> **Exercise instructions**
Could you restate word for word every line from the one containing "TOYLINX 3526pcs Silver-Blue" to the end of the data below, pictures excluded?

> **Supplied data**
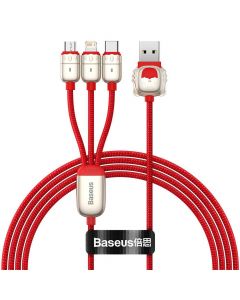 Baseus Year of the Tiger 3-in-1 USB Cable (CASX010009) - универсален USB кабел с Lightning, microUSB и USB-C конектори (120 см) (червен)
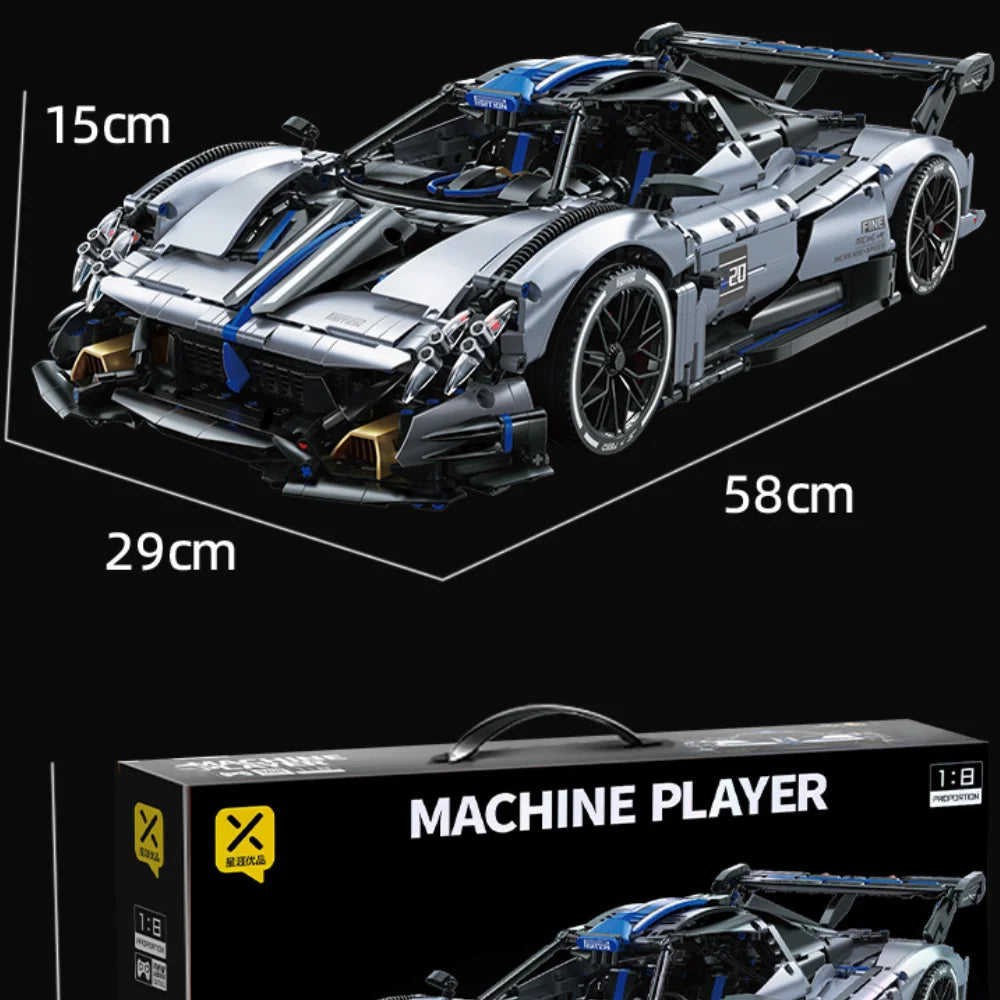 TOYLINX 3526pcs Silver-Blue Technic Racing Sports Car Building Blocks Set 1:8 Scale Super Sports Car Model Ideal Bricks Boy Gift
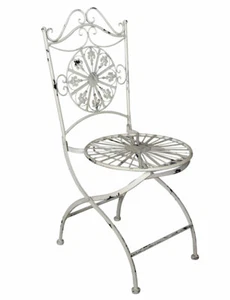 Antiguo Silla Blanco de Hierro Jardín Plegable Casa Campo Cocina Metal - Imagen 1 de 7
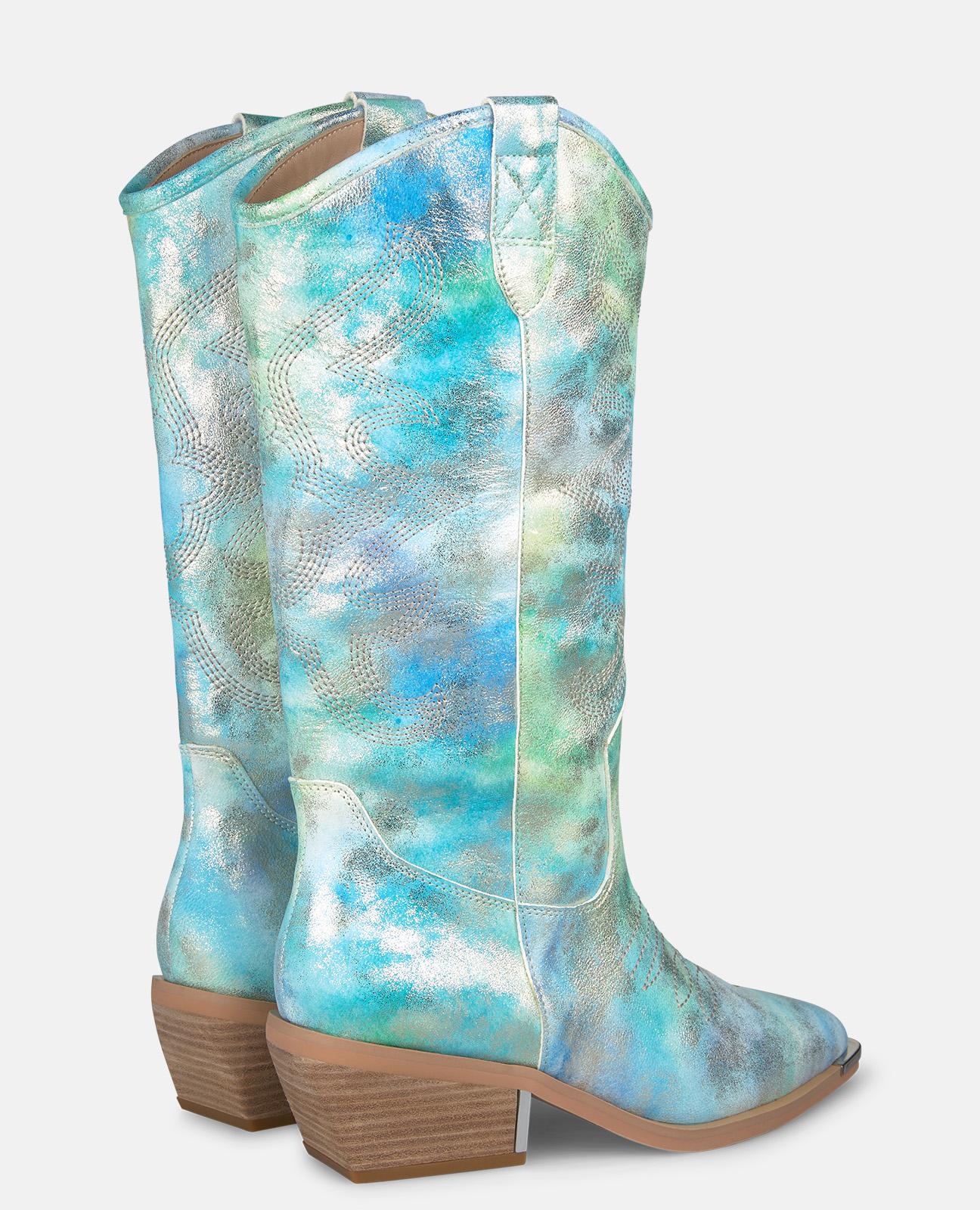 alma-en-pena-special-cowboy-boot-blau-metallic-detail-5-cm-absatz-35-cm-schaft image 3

> **Result of the task**
 TOYLINX 3526pcs Silver-Blue Technic Racing Sports Car Building Blocks Set 1:8 Scale Super Sports Car Model Ideal Bricks Boy Gift
 Antiguo Silla Blanco de Hierro Jardín Plegable Casa Campo Cocina Metal - Imagen 1 de 7
 alma-en-pena-special-cowboy-boot-blau-metallic-detail-5-cm-absatz-35-cm-schaft image 3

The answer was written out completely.